A nest begins
- The queen wasp awakes from hibernation in the spring. After a short period of feeding and exploring, she begins to build a nest in a dark and dry place. She usually chooses a warm spot, often in a bank with a sunny aspect, but also in attics, house roofs, eaves, or walls, and can fly up to 70 km in search of the perfect nest site.
- She builds a honeycomb-like cell structure out of wood fibre. The wood fibre is chewed and glued together with wasp saliva to form a sort of paper mâché material.
- In each cell of the new nest, the queen then lays a single egg, which hatches into a larva in 5‒8 days. The queen gathers sugary substances and catches other insects (for protein) to feed the larvae. After five moults over about 15 days each larva spins a silken cap over the cell and pupates. Pupation takes 8-18 days before an adult worker wasp emerges. In total it takes approximately 28-48 days from egg to adult, although the length of time spent in each stage is determined by environmental conditions.

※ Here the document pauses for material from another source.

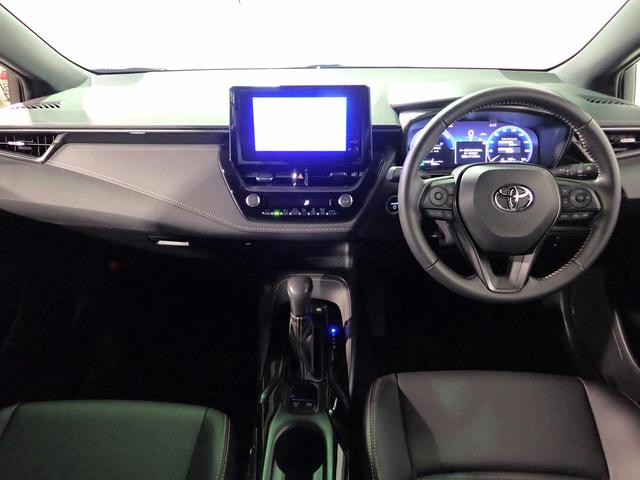 カローラツーリング ハイブリッド ダブルバイビー 純正フルセグ8インチナビ ワンオーナー Bカメラ 前後ドラレコ LEDオートヘッドライト ETC パーキングセンサー トヨタセーフティセンス ハーフレザーシート クルーズコントロール 純正AW(20枚目)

Sometimes another queen tries to steal the nest instead of working to make her own. There are many prolonged fights between queens for the ownership of nests. This is one of the reasons why a large proportion of founding nests (where the queen is still working alone) fail to become established. Also, cold, wet springs reduce the number of nest which establish. Once the queen has five to seven worker wasps to help her, she stays in the nest and lays eggs for the rest of her life. The nest then grows rapidly, and the nest is likely to survive for several months.